Também como fontes analisar-se-ão os testamentos da vila de São Paulo. Nesta série documental foram selecionados os testamentos daqueles que ditavam os desejos referentes aos bens e às últimas vontades em vida – tanto do gênero masculino quanto do feminino. Os testamenteiros deixavam legados e as últimas vontades, redigidas pelo escrivão, para os familiares e conhecidos. Por isso, essa fonte é significativa para se compreender a indumentária, no que diz respeito às mortalhas funerárias, doações de esmolas, partilhas da terça e do dote.[19]
Foi também devido à pesquisa documental sobre a presença das mulheres e de seus artefatos nas cartas jesuíticas, testamentos, inventários post-mortem e atas da Câmara da vila de São Paulo, que a preocupação de trabalhar com as metamorfoses das indumentárias e das modas foi despertada. Assim, as reflexões sobre História das Mulheres e da categoria de gênero foram fundamentais para a formulação da temática, bem como para a elaboração dos resultados da pesquisa.

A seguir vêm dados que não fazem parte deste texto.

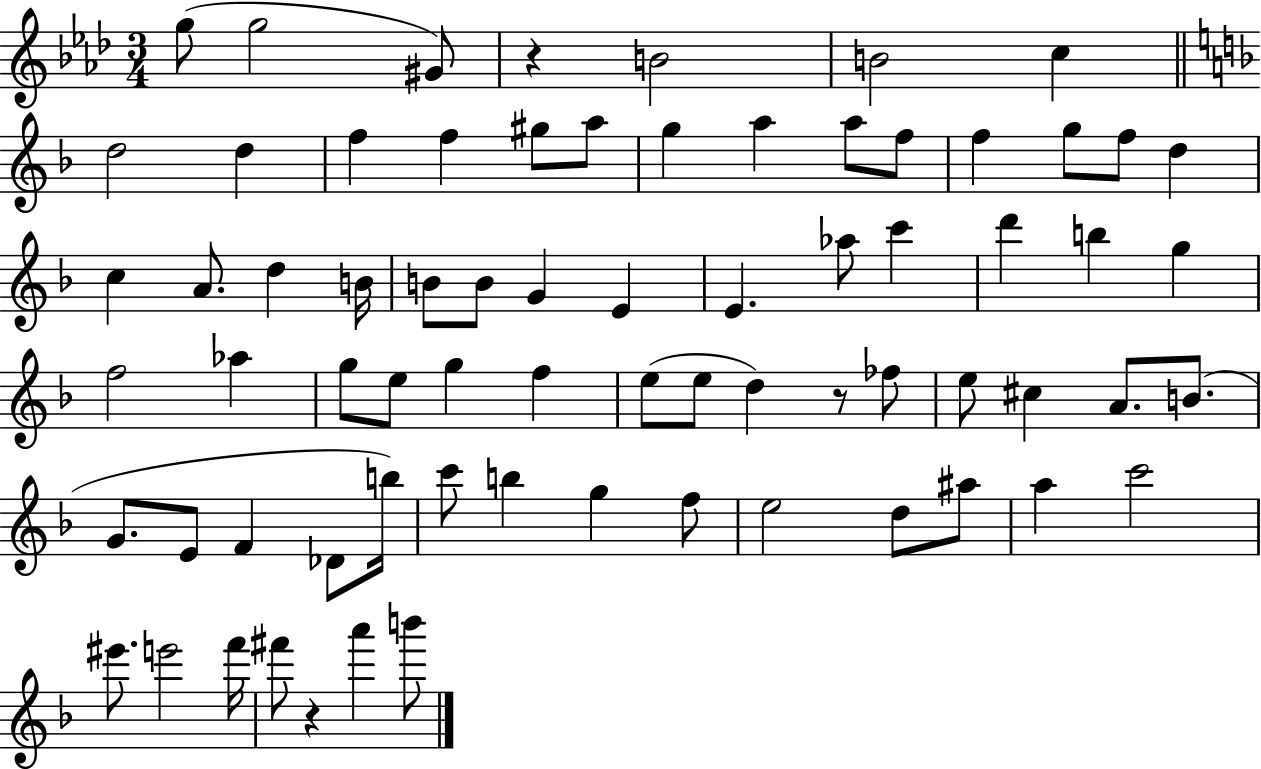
{
  \clef treble
  \numericTimeSignature
  \time 3/4
  \key aes \major
  \repeat volta 2 { g''8( g''2 gis'8) | r4 b'2 | b'2 c''4 | \bar "||" \break \key d \minor d''2 d''4 | f''4 f''4 gis''8 a''8 | g''4 a''4 a''8 f''8 | f''4 g''8 f''8 d''4 | \break c''4 a'8. d''4 b'16 | b'8 b'8 g'4 e'4 | e'4. aes''8 c'''4 | d'''4 b''4 g''4 | \break f''2 aes''4 | g''8 e''8 g''4 f''4 | e''8( e''8 d''4) r8 fes''8 | e''8 cis''4 a'8. b'8.( | \break g'8. e'8 f'4 des'8 b''16) | c'''8 b''4 g''4 f''8 | e''2 d''8 ais''8 | a''4 c'''2 | \break eis'''8. e'''2 f'''16 | fis'''8 r4 a'''4 b'''8 | } \bar "|."
}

A hipótese desta tese é de que os “habitus no sertão” constituíram-se em características importantes para a sobrevivência. Esses “habitus” formavam-se por meio das distinções de gênero, da constituição de uma civilização algodoeira, centradas nas armas do sertão, ou seja, os gibões fabricados pelas escravas tecedeiras indígenas e seus filhos; em uma cultura indumentária, baseada no espírito da moda cortesã; e nos consumos indumentários ostensivos. Além disso, na vida material rústica do sertão paulista, as vestimentas possuíam valores, econômicos e simbólicos, superiores aos de outros artefatos ou mesmo em relação às benfeitorias.
As metamorfoses das roupas adquiriam características próprias na zona de fronteira da América portuguesa. A partir da segunda metade do século XVI até a metade do outro, a vila de São Paulo era a região “periférica da periferia da economia mundo” conforme observa Maria Luiza Marcílio.[20] Mas esse espaço de fronteira era o centro irradiador de modos de vestir específicos, variando no espírito das modas cortesãs dos centros de Valença, Londres e Ruão, até as roupas feitas com peles de animais selvagens e tecidas ali mesmo na região, como o algodão da terra.
Dividide-se a tese em três partes. Na primeira, Aproximações e contexto: a modernidade da arte de vestir, será inserido o tema no enquadramento do contexto da Alta Idade Moderna e da Colonização na América portuguesa. Serão incluídas questões teóricas e metodológicas, como a historicização dos conceitos de “habitus”, moda, gênero, economia e cultura indumentária. Lembrando-se sempre que está em jogo não as vestes em si, mas as suas relações com as condições sociais, econômicas e culturais.
Para constituir essa primera parte, foram incorporadas as discussões de Françoise Piponnier & Perrine Mane, Dress in the Middle Ages, os avanços sobre as temáticas dos têxteis, indumetária dos artigos da Medieval Clothing and Textiles, da organização de Encontring Medieval Textiles and Dress e, nesse momento, destaca-se Cloting Culture.[21] Além desta bibliografia, é importante ressaltar a presença das obras do especialista em cores e em heráldica, Michel Pastoureau, de Daniel Roche sobre a “cultura das aparências” e do filósofo Giles Lipovetsky a respeito das principais estruturas da moda. [22] Sobressai-se nesses textos a obra de fôlego de François Boucher, a História do Vestuário no Ocidente.[23]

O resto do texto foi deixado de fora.